Entonces Hermann, levantando suavemente el pestillo, salió de la sala.
(Mientras los señores discutían, la madre fue en busca Hermann. Lo encontró lleno de inquietudes, recostado a la sombra de un gran peral. Quería ir a la guerra, salir de su casa monótona;  pero la madre, ganando cariñosamente la confianza del hijo, supo la causa verdadera de tan extraños sentimientos: Hermann amaba a la proscrita que le pidió socorro.
Refunfuñando, el padre permitió a Hermann que saliese a buscarla; pero el Pastor y el boticario deberían inquirir primero su procedencia, calidad y virtudes. Así, los tres se trasladaron al pueblecillo donde iban a pasar la noche los de la caravana; sólo que Hermann prefirió esperar a sus amigos en la carretera. Regresaron ellos sumamente complacidos de las alabanzas que el anciano juez, las mujeres, los niños, todo el cortejo en fin, prodigaron a la bella proscrita.
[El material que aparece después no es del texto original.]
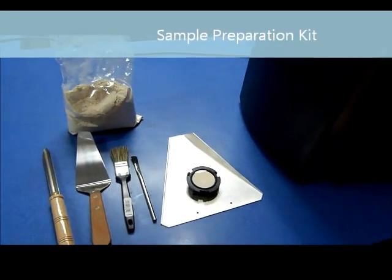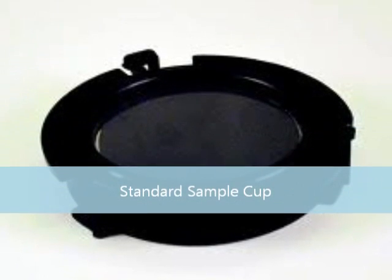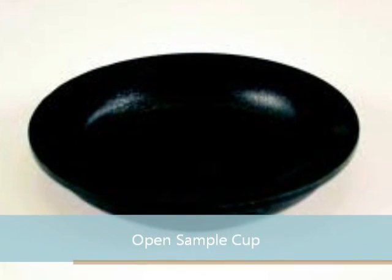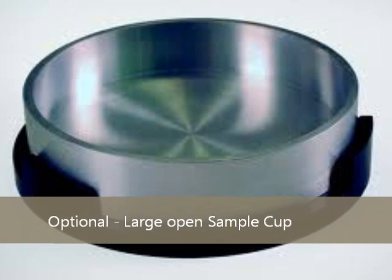Instalab NIR is based on reflectance technology. Advantages are no chemicals, no calculation, and very less sample preparation. The system is equipped with a USB port, LAN port, and RS port.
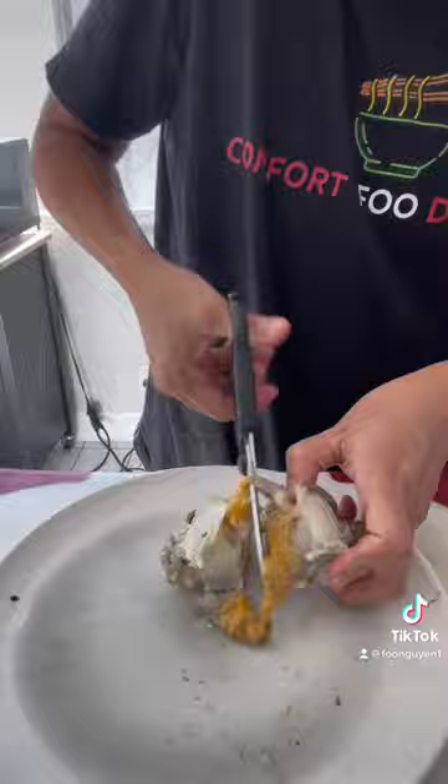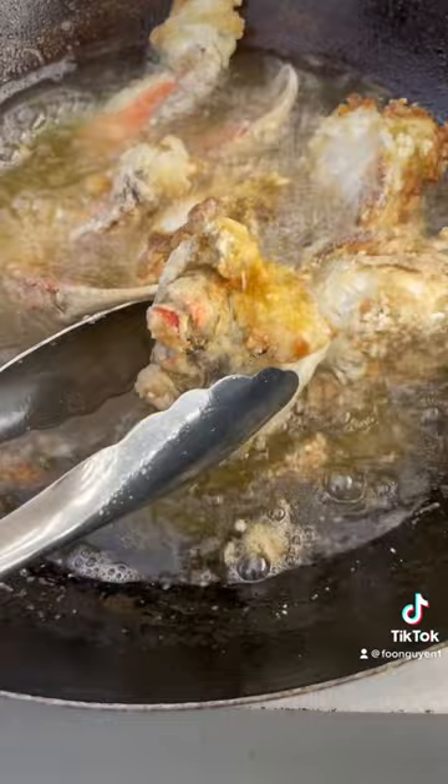Coat the crab with cornstarch. Start with the large pieces. Fry for about five to seven minutes. Remove, turn up the temp, and do a 30-second flash fry.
Sin embargo, Hermann parecía triste: ¿Cómo podría una mujer buena y hermosa, en la flor de la edad, no haber dado ya su corazón a un hombre digno? Hermann suplicó a sus vecinos que regresasen a la ciudad en el coche. El volvería, más tarde, a través del campo).










DOROTEA

Como el caminante, que antes de la puesta del sol dirige sus miradas, una vez más, al astro pronto a desaparecer, y ve flotar luego su imagen en el bosque sombrío, sobre las crestas de las rocas; como donde quiera que mire, acude el sol y brilla y fluctúa con magníficos colores, así la imagen de la bella extranjera se deslizaba suavemente delante de Hermann y parecía seguir el camino de entre los trigos. Despertóse, sin embargo, de este sorprendente sueño y se dirigía lentamente hacia el pueblo, cuando se sorprendió nuevamente, pues avanzaba, otra vez, a su encuentro, la noble figura de la admirable doncella. Observó atentamente; no eran apariencias. Era ella misma que llevaba en las manos dos jarras de asa, una mayor que otra, y andaba con presteza hacia la fuente. Hermann se adelantó, gozoso, a su encuentro; su vista le infundió fuerza y valor, y habló en estos términos:
-Te encuentro otra vez, virtuosa joven, ocupada en llevar socorro al prójimo y complaciéndote en aliviar a tus hermanos. Díme, ¿por qué vienes sola a esta fuente lejana, teniendo otras cerca del lugar? Sin duda ésta tiene una virtud particular y gusto agradable, y me figuro que se la llevas a aquella enferma que salvaste con tus asiduos cuidados.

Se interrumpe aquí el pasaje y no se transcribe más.